Saya masih diam manakal nyawa mulai berteriak.. dia naik ke ranjang, memeluk kaki saya sementara ayahnya ini masih pura-pura tertidur.

“Balon wawa! Mau balon lagi! Mau balon lagi!” Dia terus menerus berteriak memeluk kaki saya.

Saya sudah tidak tahan.
Saya ketawa.

“Kenapa nyaw? Dia memeluk sy.
“Balon-balon,” katanya.

Lalu Ira datang dari balik pintu. Ia mengetahui apa yang terjadi dan membujuknya. Besok nyawa bakal dibelikan balon dari indomaret. Nyawa tetap menangis. Yang dia inginkan saat itu harus terjadi.

Ira memutar cara ia mengambil buku dengan stiker yang baru saja dibelinya untuk nyawa. Ia mulai membujuk sembari menunjuk gambar. “Kakaknya kan nggak pake sepatu, coba mana sepatunya?

Nyawa ragu-ragu. Ia masih digoda oleh balonnya yang meledak itu. Nyawa masih ragu. Tapi ia mulai melakukannya. Tapi ia belum lupa terhadap balon warna ungunya.
“Balon nyawa meledaaaak!” ia berteriak.

Ira terus membujuknya.
Ia tunjuk gambar yang lain, stiker yang lain sampai akhirnya nyawa lupa. Sampai akhirnya anak-kami satu-satunya itu berhenti berkicau tentang kejadian yang membuat air matanya tumpah.

Anak kecil memang gampang dibujuk. Tinggal dialihkan. Jika tidak bisa gunakan cara lain, maka jangan cara yang sama jika cara itu tak mempan.

Jika Nyawa meminta-atau melakukan perbuatan yang dianggap membahayakan, misalnya: berkehendak memegang kincir kipas angina atau air panas pada mug kopi kami, larangan jarang sekali mempan, Nyawa akan terus mengejarnya hingga kecelakaan membuatnya jera.
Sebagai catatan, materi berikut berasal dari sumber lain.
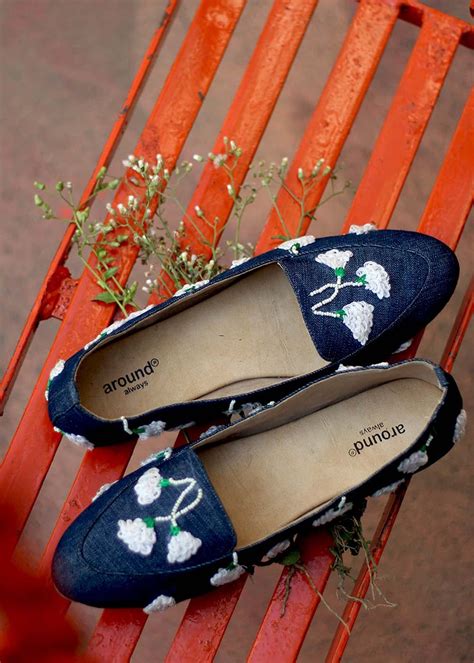 Get Floral Embroidered Denim Ballerinas at ₹ 1875 | LBB Shop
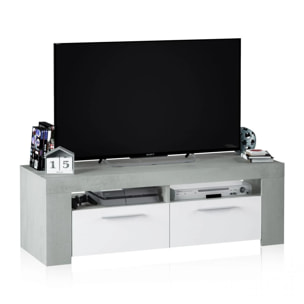 Mueble TV Dara Blanco Artik (Blanco Mate) - Gris Cemento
Kami tidak ingin ia selalu belajar dari kecelakaan. Kami mendapatkan cara lain. Jika ia mulai mendekati hal-hal yang berbahaya, kami tinggal menyuruhnya melakukannya.
Ini efektif. Kami sering berhasil menahannya.

Pernah pada suatu ketika ia berniat memasukan irisan bakso goring yang beras.
Kami melarangnya. “Jangan di pegang nanti mata Nyawa sakit, pedih!”
Nyawa tidak percaya ia masih terus memegang sendok untuk memasukan irisan bakso goring pedas itu ke dalam plastic kecil.

Dan larangan pun kami ubah. “Ambil aja. Ayo dimasukin ke plastic biar mata nyawa pedih.” Nyawa mulai bimbang. Disaat ia menimbang-nimbang itu kami mendesaknya, menyorongkan baskom tempat irisan bakso goring itu berada. “ayo ambil aja… ambil biar matanya pedih.”

Nyawa pun menolak. “mau, mau!” katanya. Maksud mau itu tidak mau.

Well, kami menyadari bahwa setiap anak memiliki jiwa pemberontakan.
Masalahnya memang bukan terletak pada jiwa pemberontakan yang ada di dalam dirinya, melainkan bagaimana menyalurkannya.